Exercise prompt:
Using the records below, output the stretch that opens with the line containing "New 2026 Hyundai Elantra Sport FWD image 16" and closes with the line containing "2795 BOLZANO DRIVE, Apopka, FL 32712", exactly and including both lines, with nothing more.

[Given records Boundary: Start]

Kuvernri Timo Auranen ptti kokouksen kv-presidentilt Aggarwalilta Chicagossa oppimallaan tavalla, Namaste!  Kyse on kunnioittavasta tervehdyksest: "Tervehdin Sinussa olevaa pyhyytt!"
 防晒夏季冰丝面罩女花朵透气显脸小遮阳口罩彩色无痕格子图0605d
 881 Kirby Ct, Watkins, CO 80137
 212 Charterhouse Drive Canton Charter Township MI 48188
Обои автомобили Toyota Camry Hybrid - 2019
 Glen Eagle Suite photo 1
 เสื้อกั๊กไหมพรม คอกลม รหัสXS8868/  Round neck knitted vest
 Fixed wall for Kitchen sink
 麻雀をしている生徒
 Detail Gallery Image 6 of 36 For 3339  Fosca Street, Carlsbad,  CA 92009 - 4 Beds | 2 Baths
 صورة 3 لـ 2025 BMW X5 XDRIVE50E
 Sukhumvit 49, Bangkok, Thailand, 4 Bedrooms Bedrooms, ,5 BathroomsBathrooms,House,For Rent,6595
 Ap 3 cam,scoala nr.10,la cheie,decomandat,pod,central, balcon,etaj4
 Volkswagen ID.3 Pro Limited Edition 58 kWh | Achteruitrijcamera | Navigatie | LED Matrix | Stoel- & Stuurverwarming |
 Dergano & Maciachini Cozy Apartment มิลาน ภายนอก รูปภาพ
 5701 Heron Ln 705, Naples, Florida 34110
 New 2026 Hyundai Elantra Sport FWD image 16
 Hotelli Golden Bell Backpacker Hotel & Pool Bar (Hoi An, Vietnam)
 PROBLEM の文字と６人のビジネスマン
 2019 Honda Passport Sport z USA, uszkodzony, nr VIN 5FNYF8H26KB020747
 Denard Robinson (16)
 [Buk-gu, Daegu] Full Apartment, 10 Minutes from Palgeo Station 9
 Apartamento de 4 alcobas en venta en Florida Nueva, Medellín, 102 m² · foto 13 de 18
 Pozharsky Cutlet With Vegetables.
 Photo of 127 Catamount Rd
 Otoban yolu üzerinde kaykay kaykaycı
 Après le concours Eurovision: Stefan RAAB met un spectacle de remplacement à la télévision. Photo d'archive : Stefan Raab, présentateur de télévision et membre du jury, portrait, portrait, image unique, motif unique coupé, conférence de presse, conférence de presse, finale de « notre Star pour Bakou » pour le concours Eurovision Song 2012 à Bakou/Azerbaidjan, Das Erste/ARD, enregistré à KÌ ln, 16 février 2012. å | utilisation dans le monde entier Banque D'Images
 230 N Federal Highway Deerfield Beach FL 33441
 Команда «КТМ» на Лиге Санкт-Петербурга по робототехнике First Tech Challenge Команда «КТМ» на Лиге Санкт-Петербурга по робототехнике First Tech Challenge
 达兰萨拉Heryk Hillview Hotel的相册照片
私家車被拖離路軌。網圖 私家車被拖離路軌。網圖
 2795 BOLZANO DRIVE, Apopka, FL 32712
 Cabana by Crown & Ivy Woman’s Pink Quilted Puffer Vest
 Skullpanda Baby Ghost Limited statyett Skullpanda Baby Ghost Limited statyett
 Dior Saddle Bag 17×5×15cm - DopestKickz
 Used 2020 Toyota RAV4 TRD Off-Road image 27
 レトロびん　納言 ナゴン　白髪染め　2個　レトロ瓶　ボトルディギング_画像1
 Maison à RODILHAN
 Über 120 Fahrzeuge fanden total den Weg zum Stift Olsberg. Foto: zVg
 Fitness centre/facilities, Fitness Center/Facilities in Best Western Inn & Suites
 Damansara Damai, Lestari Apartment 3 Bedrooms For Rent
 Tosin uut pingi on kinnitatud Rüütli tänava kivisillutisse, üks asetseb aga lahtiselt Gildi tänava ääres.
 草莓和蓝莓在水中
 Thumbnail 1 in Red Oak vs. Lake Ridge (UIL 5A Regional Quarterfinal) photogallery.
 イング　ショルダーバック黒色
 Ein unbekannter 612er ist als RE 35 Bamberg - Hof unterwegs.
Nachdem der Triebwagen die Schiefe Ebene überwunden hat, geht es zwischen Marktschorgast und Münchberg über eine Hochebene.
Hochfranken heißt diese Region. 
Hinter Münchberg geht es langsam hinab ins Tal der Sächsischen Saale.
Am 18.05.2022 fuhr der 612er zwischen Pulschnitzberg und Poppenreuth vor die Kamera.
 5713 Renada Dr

[Given records Boundary: End]

Problem solution:
 New 2026 Hyundai Elantra Sport FWD image 16
 Hotelli Golden Bell Backpacker Hotel & Pool Bar (Hoi An, Vietnam)
 PROBLEM の文字と６人のビジネスマン
 2019 Honda Passport Sport z USA, uszkodzony, nr VIN 5FNYF8H26KB020747
 Denard Robinson (16)
 [Buk-gu, Daegu] Full Apartment, 10 Minutes from Palgeo Station 9
 Apartamento de 4 alcobas en venta en Florida Nueva, Medellín, 102 m² · foto 13 de 18
 Pozharsky Cutlet With Vegetables.
 Photo of 127 Catamount Rd
 Otoban yolu üzerinde kaykay kaykaycı
 Après le concours Eurovision: Stefan RAAB met un spectacle de remplacement à la télévision. Photo d'archive : Stefan Raab, présentateur de télévision et membre du jury, portrait, portrait, image unique, motif unique coupé, conférence de presse, conférence de presse, finale de « notre Star pour Bakou » pour le concours Eurovision Song 2012 à Bakou/Azerbaidjan, Das Erste/ARD, enregistré à KÌ ln, 16 février 2012. å | utilisation dans le monde entier Banque D'Images
 230 N Federal Highway Deerfield Beach FL 33441
 Команда «КТМ» на Лиге Санкт-Петербурга по робототехнике First Tech Challenge Команда «КТМ» на Лиге Санкт-Петербурга по робототехнике First Tech Challenge
 达兰萨拉Heryk Hillview Hotel的相册照片
私家車被拖離路軌。網圖 私家車被拖離路軌。網圖
 2795 BOLZANO DRIVE, Apopka, FL 32712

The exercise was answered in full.